Seguimiento y escalada
- Continúa las inspecciones cada 3 días durante 7–14 días. La mayoría de infestaciones leves se controlan con 2–3 tratamientos diligentes con alcohol y eliminación manual.
- Cuidado con señales que requieren acciones más intensas:
- Aumento de residuo pegajoso (melaza) en hojas o superficies cercanas.
- Expansión de racimos algodonosos que reaparecen rápidamente tras la limpieza.
- Tejido blando, pasado o en putrefacción en la corona o en la base de las hojas.
Si la infestación persiste pese a los tratamientos manuales repetidos, considera medidas insecticidas focalizadas (por ejemplo, aceite hortícola o jabón insecticida) aplicadas con cuidado para cubrir axilas y corona, siguiendo las instrucciones de la etiqueta. Para problemas extensos o recurrentes, consulta un vivero local o el servicio de extensión agrícola para recomendaciones químicas apropiadas a tu zona y normativa.
Cuidado preventivo
- Inspecciona regularmente los aloes y las plantas cercanas, especialmente durante los meses cálidos.
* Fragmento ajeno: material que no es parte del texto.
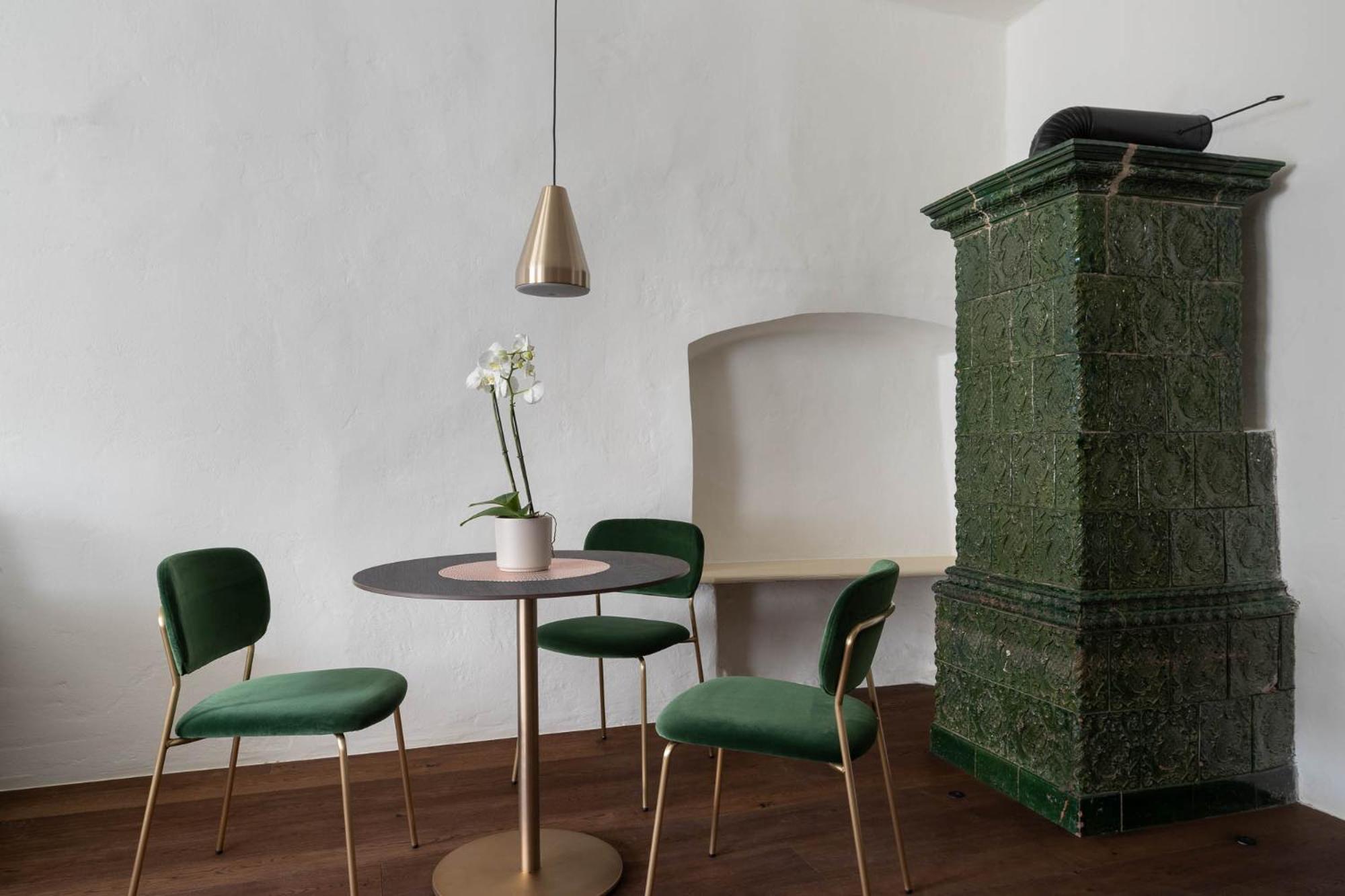 Ansitz Battisti Suites (Adults Only) Caldaro Værelse billede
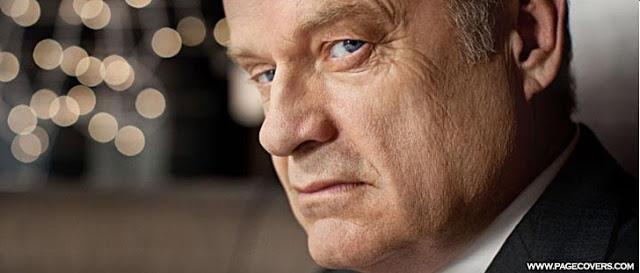 Starz cancela 'Boss', la serie de Kelsey Grammer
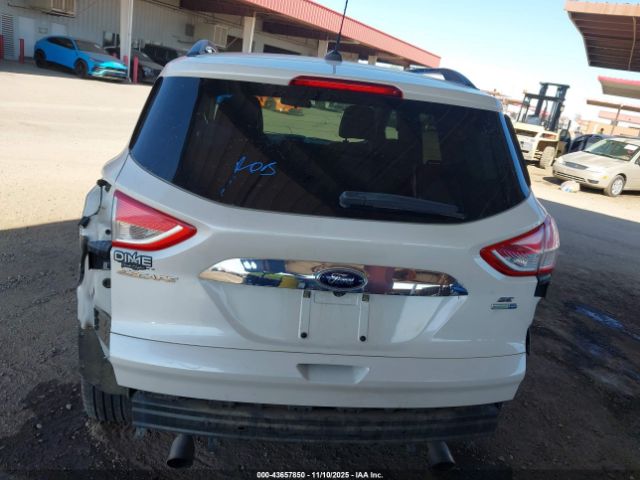 Ford Escape Se Image 16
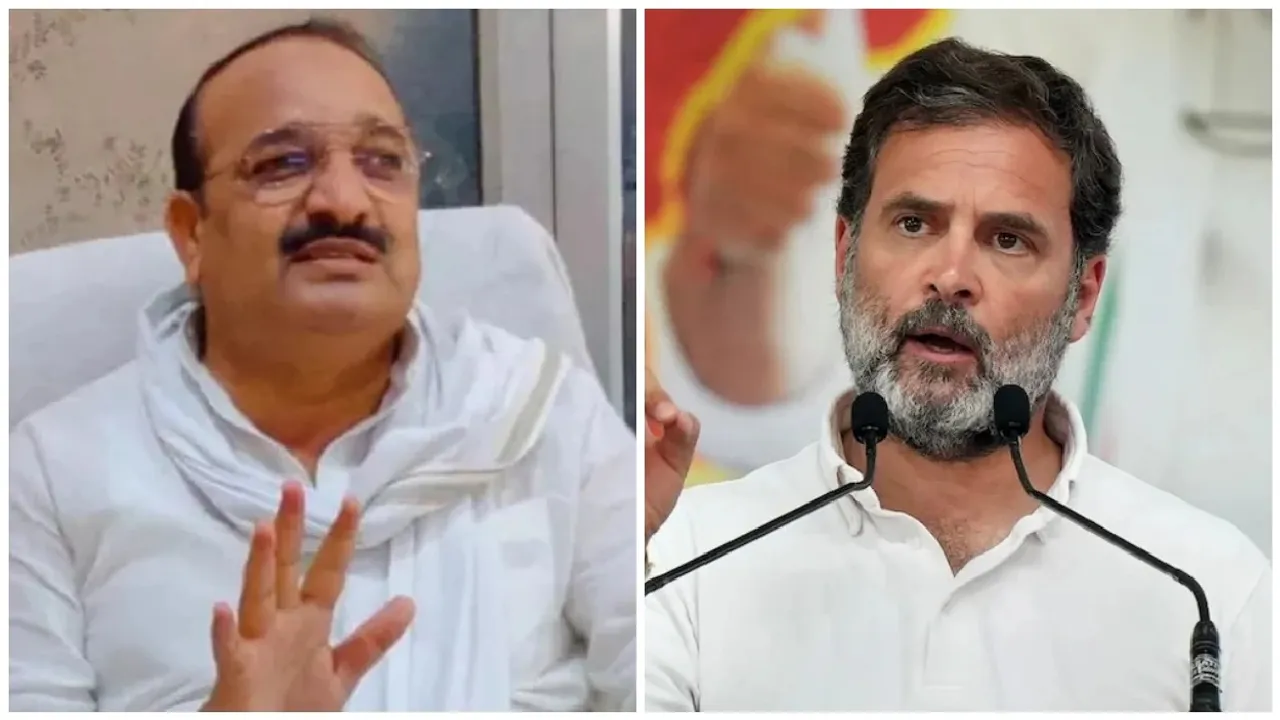 Rahul v/s Dinesh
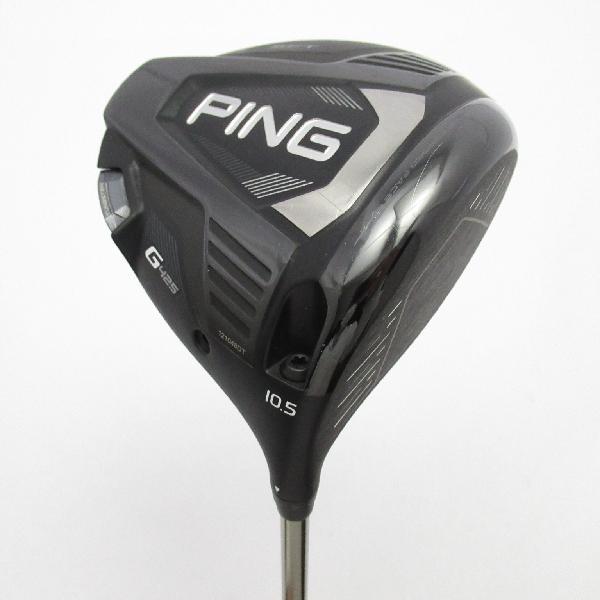 ピン G425 G425 SFT ドライバー PING TOUR 173-65  シャフト：PING...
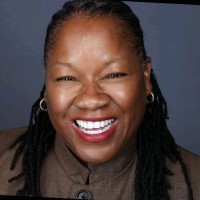 Jeanette Ortegon, Servant Leader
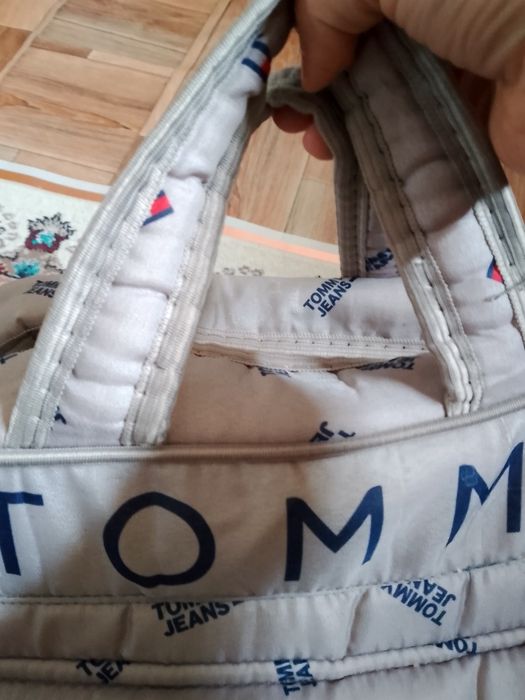 Detski sumka toza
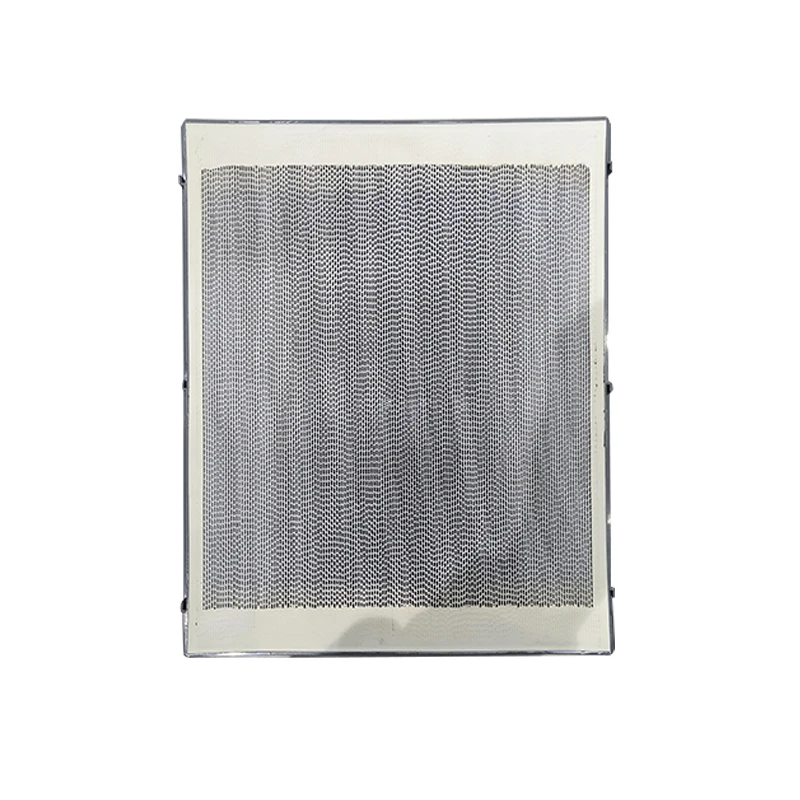 Factory Customized Air Purifier True IFD Replacement Filter Air Purifier Parts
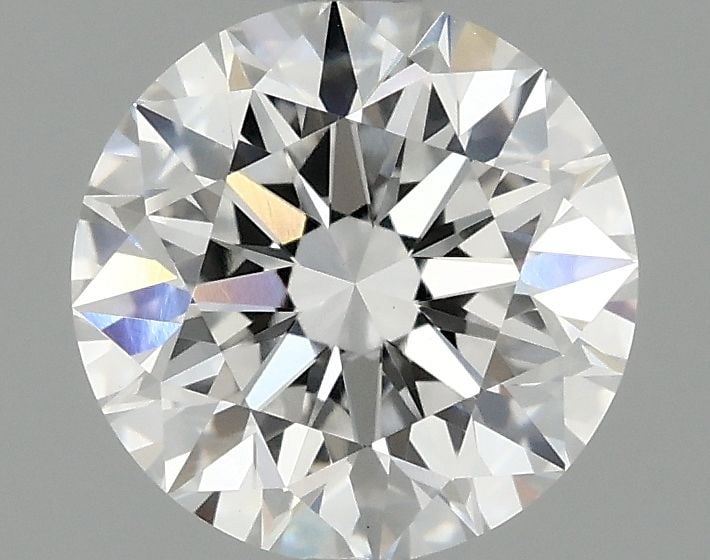 Loose Diamond - ROUND 1.56ct D VVS2: Loose Diamond - ROUND 1.56ct D VVS2 Source: This is a real non-mined Diamond that has been grown in a lab Shape: ROUND Carats: 1.56 Color: D Clarity: VVS2 Certification: IGI Video: Video Link PLEASE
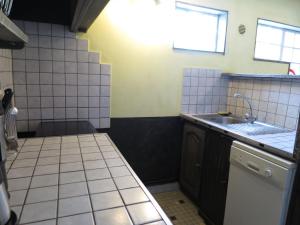 Maisons de vacances Holiday Home Les Sables by Interhome : photos des chambres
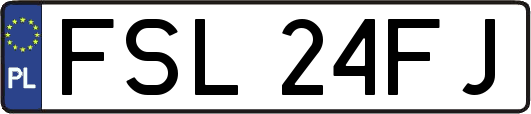 FSL24FJ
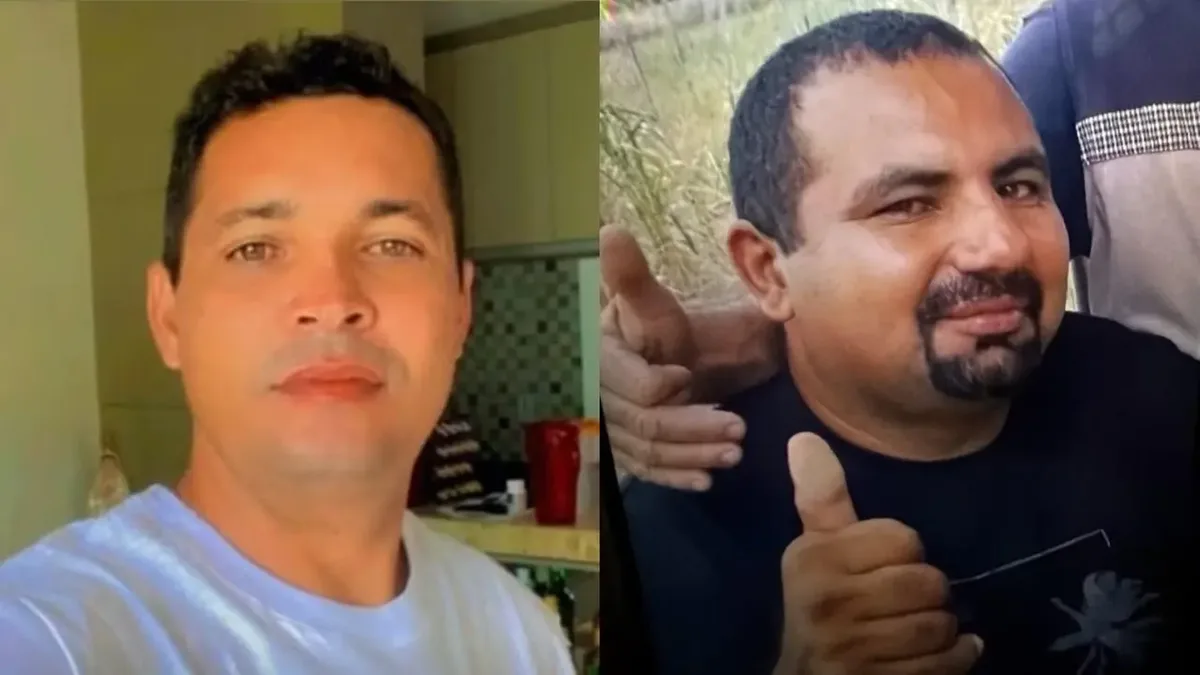 Colisão entre motocicletas deixa dois mortos em Jaguaruana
- Evita el riego por encima que moje la roseta; riega el sustrato.
- Mantén buen espaciamiento y circulación de aire entre plantas.
- Trasplanta a una mezcla fresca y de drenaje rápido si el sustrato actual está compacto o retiene humedad.
Con inspección pronta, eliminación manual a fondo y cambios culturales moderados, tu aloe candelabro debería recuperarse y mantenerse sano durante el verano en Pretoria.